The only rule? At each new location, they had to stay with a friend of their previous host, creating a chain of friendship across the globe.

Briggs first heard about Yuujou—which means “friendship” in Japanese—in November through his cousin, who also applied.

Corinne Eisenring, co-founder of Yuujou, said Briggs caught the selection team’s attention immediately.

“We were looking for people who want to celebrate the diversity of the world and focus on the good,” she said. “We were looking for creative spirits who seek the challenge and who are happy to document and share their experiences with the world.”

She said when Briggs talked about his experience working for the Peace Corps in Liberia, it convinced the team he was “very adaptable and strong.”

After a competitive selection process involving a casting video and Skype and in-person interviews, Briggs was flown out to Germany for a week of training, where he met the two other people he would be traveling with for the next three months: Paula Savelkoul, 30, from the Netherlands, and Renata Millington, 30, from Brazil.

“I started to backpack in 2016,” Savelkoul said. “Sold all my belongings, with only my backpack [and went] to Asia, Australia and New Zealand.

“But this time it was so much different,” she said. “It's a whole new way of going from place to place.”

Although Briggs had also traveled before, such as his time spent building an artificial coral reef in Cambodia as part of a UF research position, he agreed Yuujou was different because of the unpredictable nature of it.
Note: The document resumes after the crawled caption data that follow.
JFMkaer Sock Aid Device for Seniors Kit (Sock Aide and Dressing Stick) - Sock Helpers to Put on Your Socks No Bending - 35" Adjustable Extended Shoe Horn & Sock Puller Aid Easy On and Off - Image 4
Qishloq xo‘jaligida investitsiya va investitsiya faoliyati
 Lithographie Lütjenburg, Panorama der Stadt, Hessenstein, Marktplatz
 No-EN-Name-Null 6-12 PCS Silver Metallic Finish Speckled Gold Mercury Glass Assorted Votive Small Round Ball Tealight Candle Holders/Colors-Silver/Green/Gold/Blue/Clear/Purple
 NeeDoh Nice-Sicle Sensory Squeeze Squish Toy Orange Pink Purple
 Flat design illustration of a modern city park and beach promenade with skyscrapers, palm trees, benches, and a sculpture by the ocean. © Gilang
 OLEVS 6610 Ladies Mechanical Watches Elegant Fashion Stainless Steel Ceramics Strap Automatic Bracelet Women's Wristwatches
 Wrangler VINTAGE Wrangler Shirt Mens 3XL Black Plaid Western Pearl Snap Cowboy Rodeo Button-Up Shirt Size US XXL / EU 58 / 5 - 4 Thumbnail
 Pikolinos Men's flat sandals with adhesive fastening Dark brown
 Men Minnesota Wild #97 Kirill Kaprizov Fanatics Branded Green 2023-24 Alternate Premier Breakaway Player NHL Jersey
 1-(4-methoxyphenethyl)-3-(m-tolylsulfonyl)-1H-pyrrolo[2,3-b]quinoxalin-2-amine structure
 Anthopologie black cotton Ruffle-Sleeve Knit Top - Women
“We never knew where we were going to be the next day or who we were going to meet,” he said. “I never expected to go to countries like Macedonia, Georgia or [the] Philippines on the journey from Germany to Japan.”

Briggs described some of his favorite experiences as those which allowed him to be immersed in the culture of the host, such as 22-year-old Sasha Svinar, in Kharkiv, Ukraine, who showed Team East his grandparents’ World War II bunker, which was still stocked “just in case.”

“[He] took out some of their preserves for us to try,” Briggs said. “We tried his favorite, which was the preserved apples that were a few years old. They tasted still very fresh but were mushy, so while it looked like an apple, it was more like one of the best applesauce I’ve ever tasted.”

The Yuujou project also involved documenting every aspect of the travelers’ journey, filming everything from interviews with the hosts to the team going from place to place.

“We received a crash course of four years of film school in four days in Berlin from the Yuujou team,” Briggs said.

“[The trip] was in some ways much more than I expected. I have traveled a lot, but never on camera 24/7, for months on end all over the world. That added much more excitement, as well as being much more exhausting.”

Briggs’ travels, however, didn’t culminate on the 100th day, July 20, in Tokyo. He spent the following three weeks with his cousin in Vietnam, where he got some much-needed rest and relaxation.

“I think we [the travelers] survived on adrenaline alone,” Briggs said. “I have never had bags under my eyes like I did the entire journey, and once it was finished I slept for three weeks. No joke, I would sleep like 10 hours every night and take a 2-5 hour nap during the day, every day. I didn’t know it was possible to sleep so much, but our bodies had reached a new level of exhaustion.

“Diving in and out of people’s lives every day, on top of being in a few countries each week, on top of filming everything we do added up. But I never once felt it during the journey.”

Briggs’ travels exemplified the purpose of the Yuujou journey, which “aims to show that if you explore cultures authentically, you will meet new friends, and not strangers,” Eisenring said.

“All around the world, I believe people are inherently kind and compassionate,” Briggs said. “Especially to travelers and people in need of a helping hand. Everyone we met was amazingly open and friendly, even though they had no idea who we were or even really why we were there. They just had received a phone call from a friend saying these travelers were coming to visit them.”

Briggs described the journey as being the most formative experience of his life.

“This trip has made me more comfortable and confident in who I am more than anything else I’ve ever done in my life, and I think, to me, that’s the best thing I took away from it.”

Briggs plans to pursue a doctorate degree in chemical engineering at the Colorado School of Mines next fall.

In the meantime, the rest of his travels will be documented on his YouTube channel, Joey Adventure. He is currently in Uzbekistan attending the 10-day World Influencers Congress

Yuujou plans to release a book and documentary of the travels by 2020. The entirety of the Yuujou journey can be seen at yuujou.world or on its YouTube channel.